Mama was studying her closely. "You've grown into quite the young beauty," she murmured. "How old are you now? Fourteen?"
"Thirteen," Iola said. Irritation and delight were warring within her, but the delight took precedence. Her mother thought her beautiful. "It's... it's kind of you to say so. Elladora is prettier than me, though."
A bony hand brushed through Iola's curls. "He would be twenty now," Mama whispered. "He'd be the one directing all this instead of Phineas. Not a day goes by that I don't think of him, Iola."
Iola turned her head. Mama's face had just crumpled. She was crying noiselessly, without sobbing, just letting the tears pour down her cheeks.
"It'll get better, Mama," she offered helplessly. "The pain will get better some day." But would it? Little Sirius had been dead twelve years, and Mama just seemed to get frailer and sadder every time Iola saw her. "Come on," she said bracingly. "You should be in bed." She helped Mama to her feet, realising with a shock that she was taller than her now, and led her up the flight of stairs to her dim, quiet bedroom.
Immediately, the hired nurse started fussing over Mama, and Iola took the opportunity to slip back to her place on the stairwell. As she watched the guests in their glittering finery take their leave at two o'clock in the morning, their cheeks flushed from the cold and the dancing and Phineas' best wine, she felt, suddenly, very apart from all of them.
-B-
It was inevitable, of course. They'd been expecting it – maybe even anticipating it – for more than thirteen years, but why did it have to happen now? Phineas' N.E.W.T.s were coming up, and Elladora's O.W.L.s too. Phineas stared down at the letter from Sister Rose Blanchett, the nurse he'd hired last year, offering her deepest condolences on the sad occasion of his mother's death, and all he felt was irritation.

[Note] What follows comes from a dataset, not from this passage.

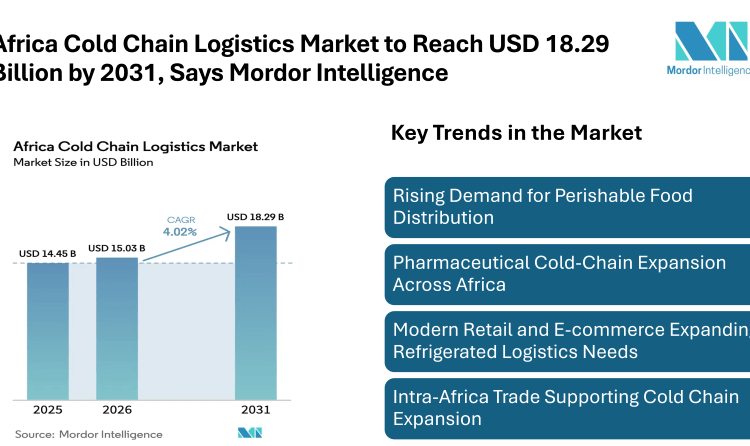 Africa Cold Chain Logistics Market to Reach USD 18.29 Billion by 2031, Says Mordor Intelligence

Was he supposed to mourn her? He would have to put on a show of grief, for appearances were everything in the world of an aristocratic pure-blood. That was one of the hard lessons he'd learned as a naïve child coming to Hogwarts, because his mother hadn't taught him how to behave in a manner befitting his station. He'd had to carefully study the code of conduct that came so naturally to his peers, because she hadn't taught him anything.
It wasn't that he hated her. She'd never been cruel to him – she just hadn't been a presence in his life for far too long. If he were honest with himself (and Phineas was always honest with himself, however much he might dissemble to others), Ella Black's death would change very little about his life, and so it was hard to grieve her passing.
She'd died on the eighteenth of March. On the twentieth, Phineas and his sisters were allowed to Floo home from Headmistress Mole's office. Nurse Blanchett met them in the drawing room – which she didn't really have permission to enter, but he let it pass under the circumstances – and as house-elves bustled around them, taking their bags and promising to cook lunch, the three of them headed upstairs to their mother's room.
She'd been tiny in life, and in death she was smaller still. The sheets had been drawn up over her face, but the shrunken outline of her body was clearly visible beneath them. Her fair hair looked almost white against the black silk of the pillowcase.
Seeing the body, Iola, who'd been red-eyed and pale since getting the news, started to cry again: heaving, gulping sobs that echoed in the high-ceilinged bedroom. Elladora's face was still and composed. She met Phineas' eyes across the bed, and in her own there was a silent question: What do we do now?
They had important exams looming terrifyingly soon. They'd left school a week before the Easter holidays, and now they were all alone in the great house Phineas had tried so hard to modernise. There would be a will to be handled, and maybe they should contact their mother's family, although Phineas knew nothing about them beyond their name. He was eighteen years old and responsible for organising a funeral.
It was easy to blame his mother for that, too.